O Cartoon Saloon, estúdio de animação irlandesa, entrou no radar dos cinéfilos em 2009, com "Uma Viagem ao Mundo das Fadas", num estilo de animação 2D feito a mão, mas só atingiu seu ápice em 2014, com "Song of The Sea", utilizando de uma temática similar ao explorar o folclore gaélico e introduzi-lo para enriquecer uma fábula introspectiva sobre o amadurecer de crianças. Muitos estúdios mundo afora tentam quebrar o monopólio do 3D americano, e enquanto a melhor referência de resistência sempre será o Ghibli - e, sem sair do Tio Sam, o Laika -, na Europa, ninguém desponta com a maestria do Saloon, principalmente os projetos idealizados por Tomm Moore. 

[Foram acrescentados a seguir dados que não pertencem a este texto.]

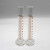 希万辉 实验室橙红标高硼硅带刻度直型量筒玻璃量筒 200ml 2个装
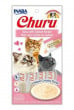 Inaba Churu Pops cat snack tuňák a losos 4x14g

É uma boa mescla entre a contemplação aventuresca do Ghibli, com a cultura Irlandesa e Escocesa, o que certamente resulta numa experiência enriquecedora ao público que busca explorar novos caminhos sensoriais e cognitivos. 

09º Ernest & Célestine

Se pensarmos nas animações como uma narrativa de potencial infinito para contar histórias para todos os públicos, capazes de interessar e divertir do mais novo ao mais velho dos seres, o francês Ernest & Célestine é um dos melhores exemplares para ilustrar o argumento. A obra, silenciosa e num lindíssimo tom de aquarela, o que garante uma atmosfera bastante melancólica para o filme, usa de dois animais carismáticos e antropomorfizados para contar uma história de papéis sociais e como construções culturais moldam os preconceitos dos cidadãos, por mais que, intrinsecamente, não tenhamos razão nenhuma para o ódio. Apesar de otimista, não deixa de ser uma constatação realista e triste do modus operandi social, bastante análogo ao clássico subestimado da Disney, O Cão e a Raposa. 

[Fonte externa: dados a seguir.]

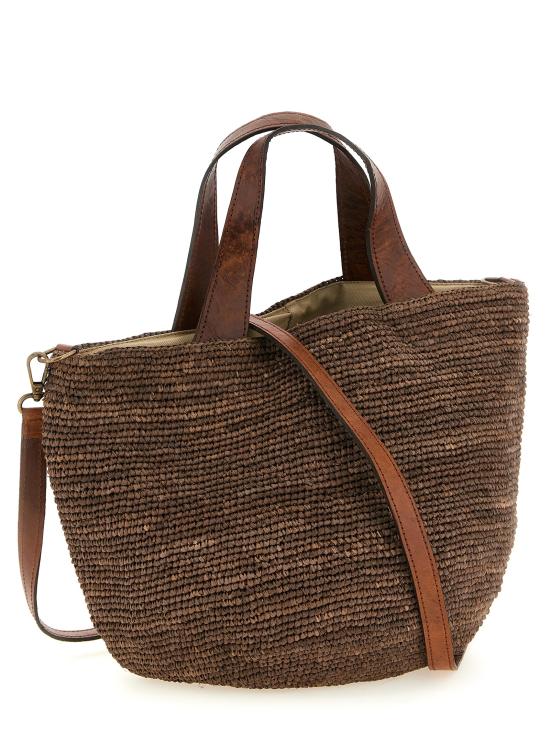 26SS 이벨리브 토트백 MIROZYDARKTEA Brown - IBELIV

08º Como Treinar o Seu Dragão 2


Quando discutimos sobre o papel de animações e à mente surge uma ideia infantilizada, completamente equivocada e desrespeitosa, ela se deve ao modo como alguns realizadores usam o gênero. E a Dreamworks, fora espasmos bem esporádicos, é dos principais motivos para esta abrangência. O Estúdio, criado para rivalizar com a Pixar e Disney, usou das mesmas sinopses dos concorrentes e as infantilizou de um modo bárbaro nos primeiros anos, até estabelecer a própria marca, e hoje em dia, no geral, parece ter se conformado a esse papel. Se Shrek era maduro, suas sequências tiveram uma regressão intelectual catastrófica, e um dos poucos que se salvaram nesta rotina, foram os filmes da trilogia do Dragão, todos dirigidos por Dean DeBlois. 

Vencedor moral do Oscar de animação de 2015 (ou alguém ainda prefere Big Hero 6?), Como Treinar o Seu Dragão 2 engrandece e inova a introdução esplendorosa do seu capítulo inicial em todas as vertentes, sem medo de evoluir e desafiar os personagens, nem discutir temáticas controversas e que somente engatinham nos grandes estúdios americanos. O nível foi tanto, que tornou inevitável a decepção com o encerrar da trilogia, por mais satisfatório que tenha sido. 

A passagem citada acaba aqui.